Of course, your physical ailments could also worsen when you walk in your front door. If so, it’s up to you to unearth the root cause. Is there something in the air? Here are eight symptoms of poor air quality in your home or workplace. 

1. Headache

Pay attention to where your headaches typically strike if you’re a migraine patient unable to find satisfactory relief from medications. Researchers from the University of Toledo, Virginia Tech and Bell University recently teamed up to analyze Environmental Protection Agency data on over 100 offices in 25 states. They discovered that those in buildings with poor indoor air quality suffered more severe migraines and headaches. 

It’s the equivalent of taking aspirin, then continuing to rap your skull with a tack hammer. As long as you expose yourself to the toxins triggering your headache, even the best medications will have a mild ameliorative effect at best. However, what can you realistically do if the problem occurs at work and you can’t afford to quit? 

On an individual level, you can return to mask-wearing — putting one on shouldn’t interfere with your ability to do your job and qualify as a reasonable accommodation. Doing so will filter out some particulate matter that can trigger your migraines but won’t affect overall carbon dioxide or monoxide levels. Therefore, there’s no need to go full N95 — you might get better relief from a standard cloth model.

You can also talk to your colleagues.

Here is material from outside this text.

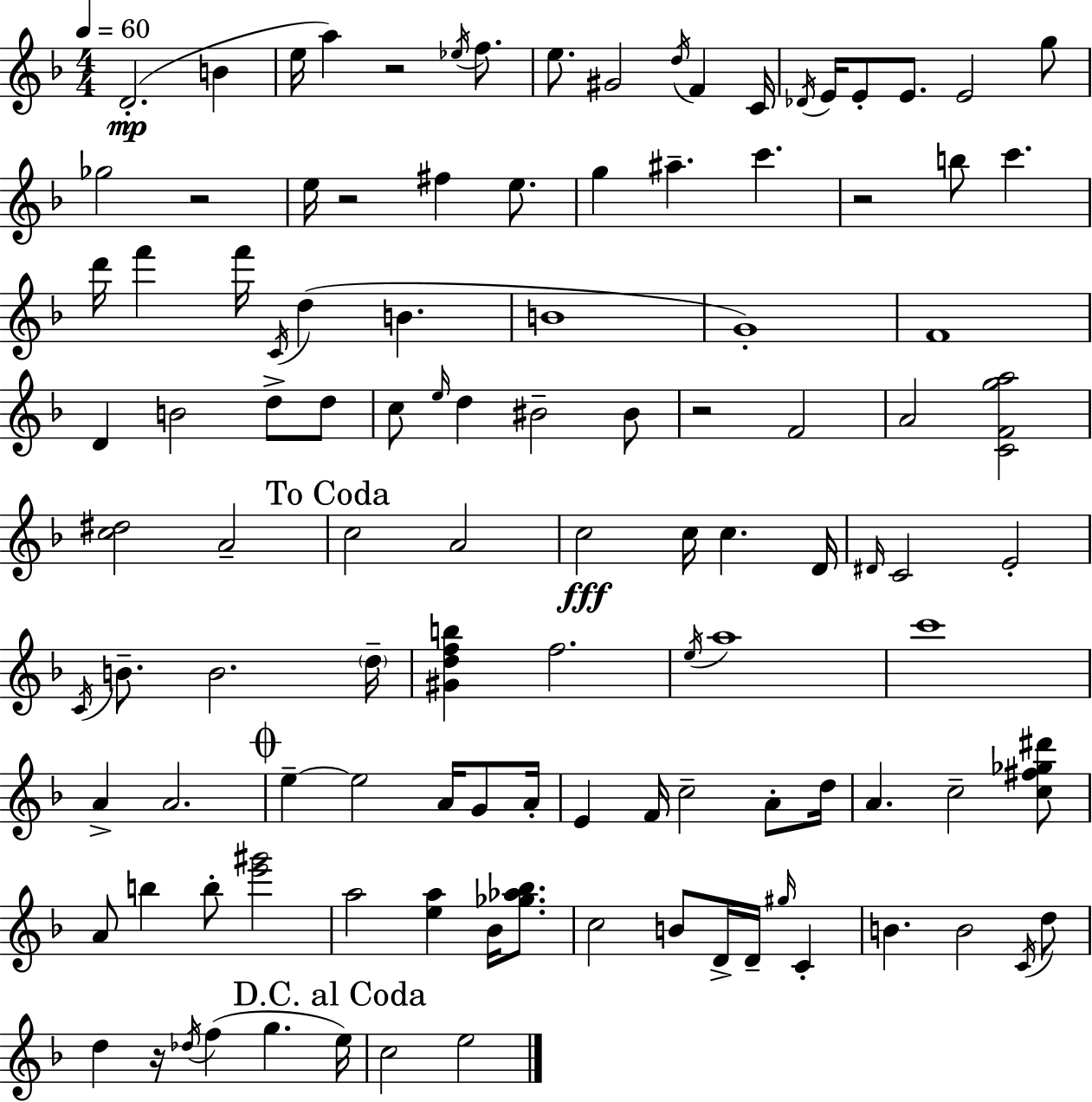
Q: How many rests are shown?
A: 6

If others also experience symptoms, it’s worth talking to your boss about needed improvements to the HVAC system. Pay attention when your co-workers complain of headaches or any other symptoms listed below.

2. Fatigue

Fatigue can stem from numerous causes in the workplace — including an overwhelming load. However, it can also arise from poor air quality. 

You can tell the difference between occasional tiredness and fatigue by its frequency. Everyone feels tired when they’ve done too much and require sleep. However, fatigue remains unrelieved by slumber and can interfere with your daily activities. You may feel like you never get anything done despite how hard you try. 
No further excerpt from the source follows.